You can prove it a number of ways so here's a simple-ish one :
Take Minkowski space $M$, with the manifold atlas $(\mathbb{R}^n, \operatorname{Id})$. I think it's no big secret that, for cartesian coordinates, the geodesic equation is
$$\ddot{x}^\mu(\tau) = 0$$
with solution
$$x^\mu(\tau) = x_0^\mu + v_0^\mu \tau$$
If we consider the tangent space at a point $p$ with coordinates $x_0$, any geodesic starting at $p$ and with tangent vector $v^\mu_0$ has this form. What we want is a map from every point of $T_pM$ to $M$ from there.

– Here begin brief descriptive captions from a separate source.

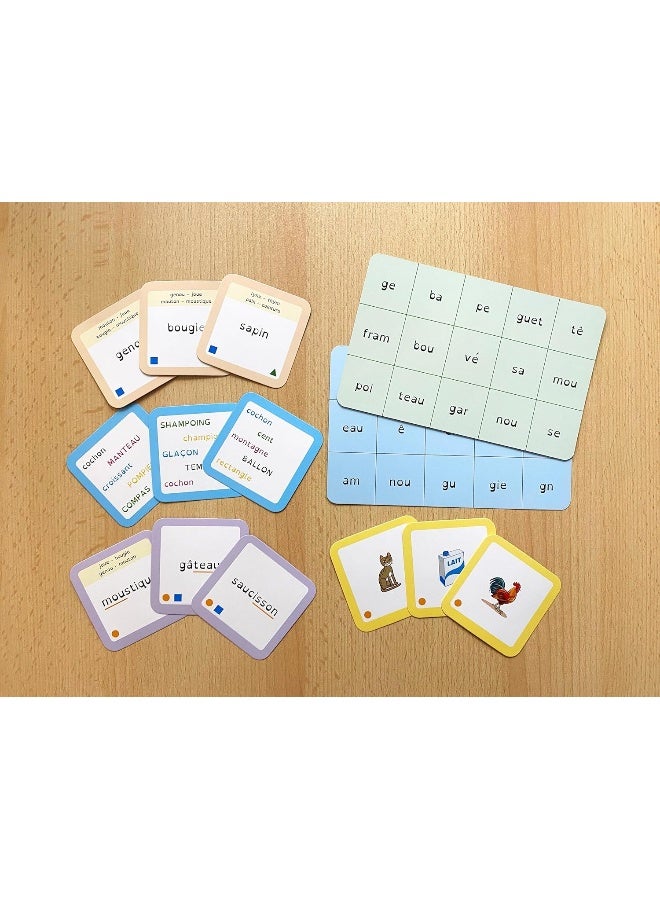 HATIER Mes jeux de lecture facile ! dys (CP-CE1) - Image 3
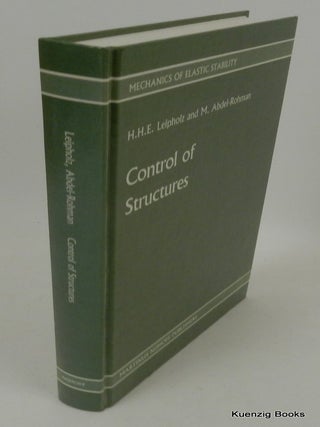 Control of Structures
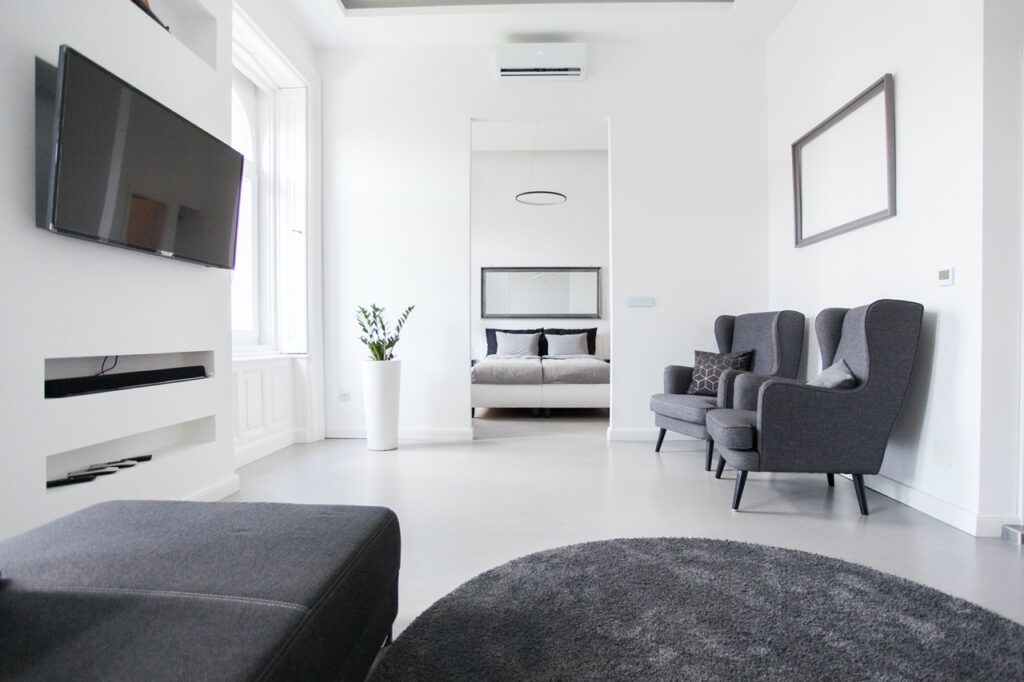 Apartment Budapest Grand Loft Design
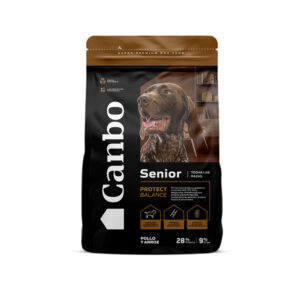 Canbo  Senior Todas las Razas Pollo y Arroz 15 Kg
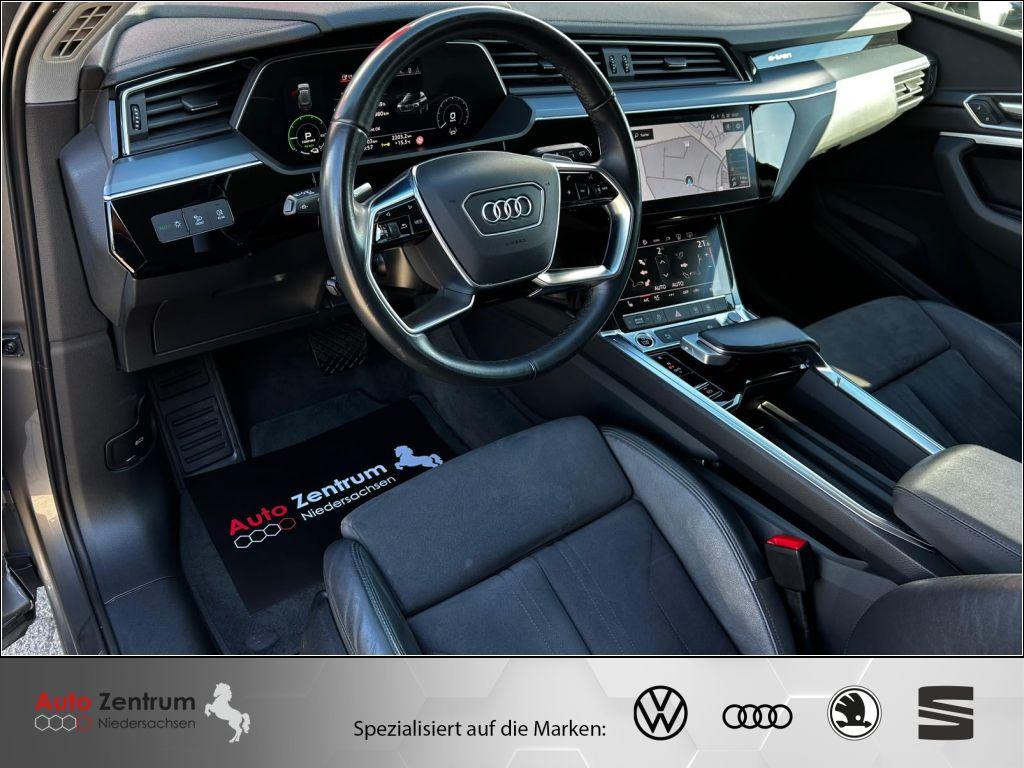 Audi e-tron 55 quat advanc 300 Kw AZN-Haus-Förderung*, миниатюра 13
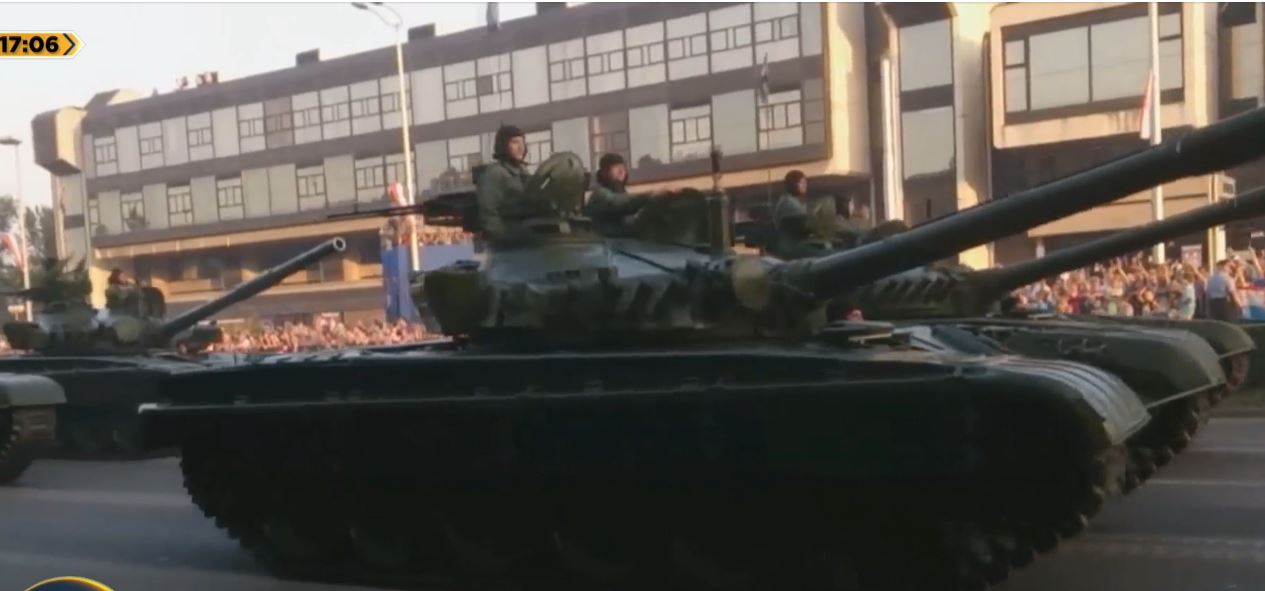 Kroacia, paradë për fitoren/ Nisin përgatitjet, Zagrebi në krah të aleatëve strategjike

If we take any point $q \in M$ with coordinates $y^\mu$, we have that
$$x^\mu(1) = y^\mu$$
for some $v_0 \in T_pM$. It can be shown fairly easily by considering, component-wise
$$v_0^\mu = y^\mu - x_0^\mu$$
There is a map from some subset of $T_p M$ to $M$. It's not too hard to show the reverse and that overall, this maps $T_p M$ to $M$, giving you some map
$$\phi : T_pM \to M$$
If you also add the Minkowski metric on $M$ as a metric space, we may want to check that $g_p(v,v) = \langle \phi(v), \phi(v) \rangle$, which is just
$$\eta_{\mu\nu} v^\mu v^\nu = (v^0)^2 - \vec{v} \cdot \vec{v}$$
and
$$\langle \phi(v), \phi(v) \rangle = (x_0^0 - y^0)^2 - (\vec{x}_0 - \vec{y}) \cdot (\vec{x}_0 - \vec{y})$$
Which are the same value indeed.